## GOAL OF THE EXERCISE
Repeat the records below verbatim, and do not copy their pictures.

┄┄┄┄┄┄┄┄┄┄

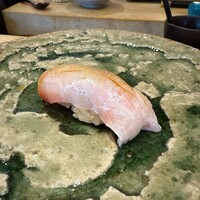 梅田 鮨 よこ田 - 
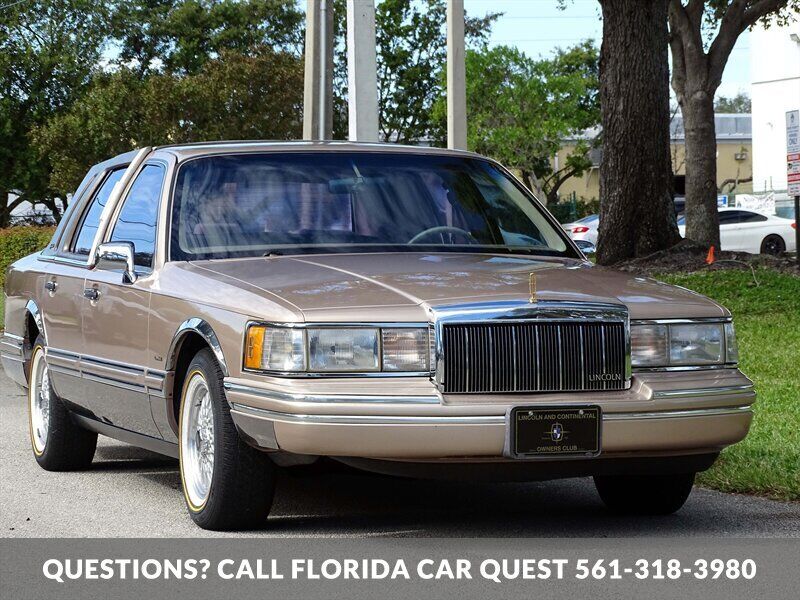 Lincoln-Town-Car-1992-Medium-Mocha-Metallic-Tan-94618-20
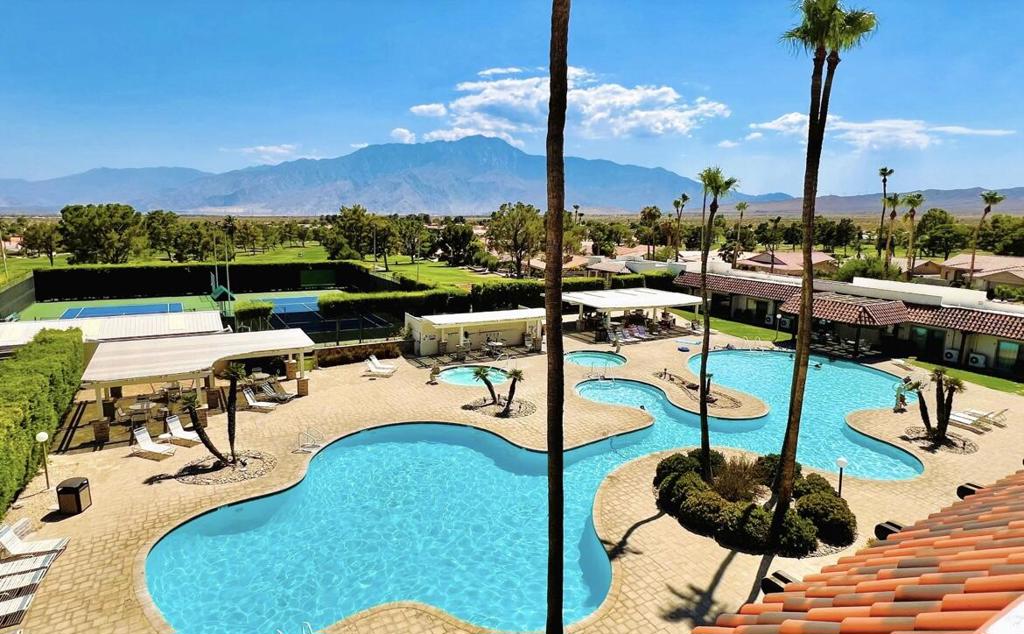 64501 Spyglass Avenue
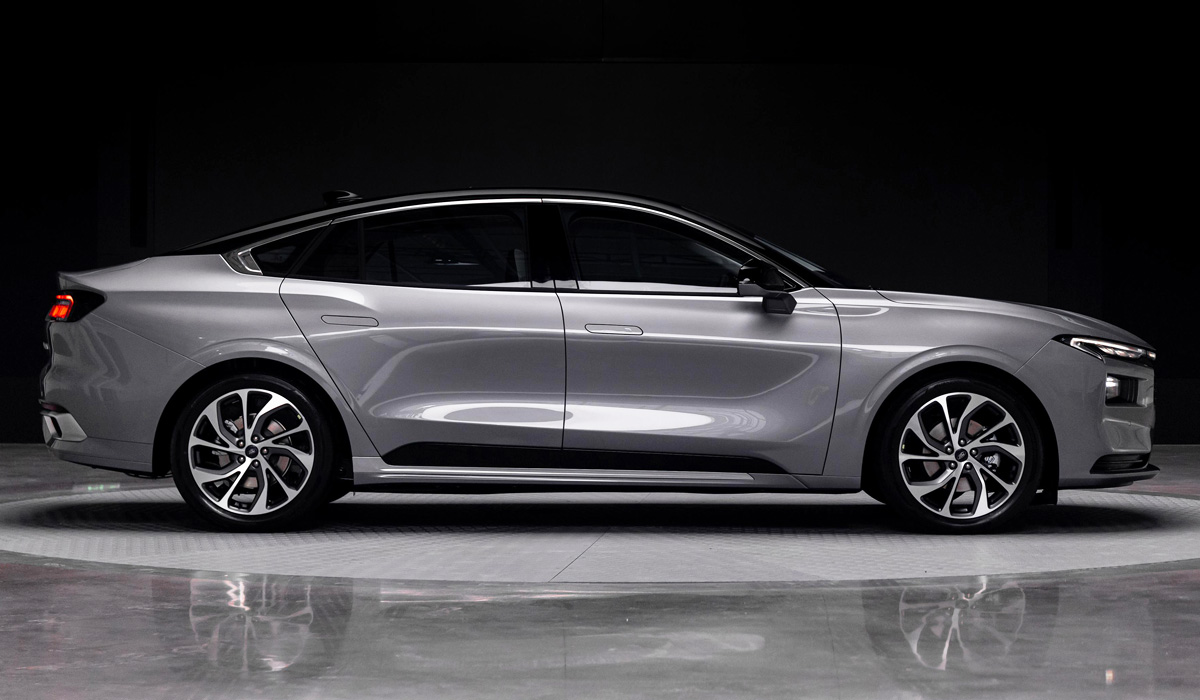 Седаны будут жить: представлен Ford Mondeo нового поколения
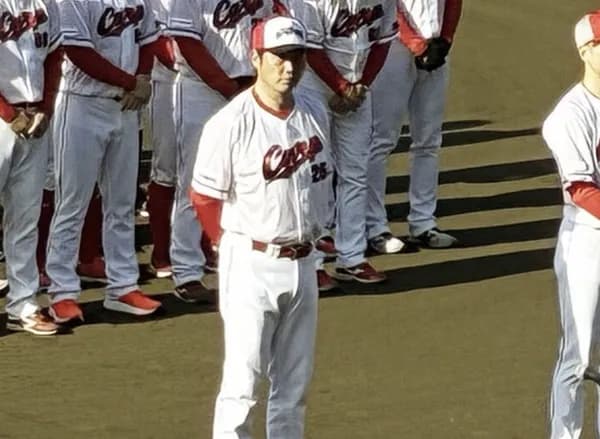 広島新井監督、選手をビビらせる「今度ナメたことする奴が出たら、俺がお前らを※※※※（自主規制）」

┄┄┄┄┄┄┄┄┄┄

## OUTPUT
 梅田 鮨 よこ田 - 
 Lincoln-Town-Car-1992-Medium-Mocha-Metallic-Tan-94618-20
 64501 Spyglass Avenue
 Седаны будут жить: представлен Ford Mondeo нового поколения
 広島新井監督、選手をビビらせる「今度ナメたことする奴が出たら、俺がお前らを※※※※（自主規制）」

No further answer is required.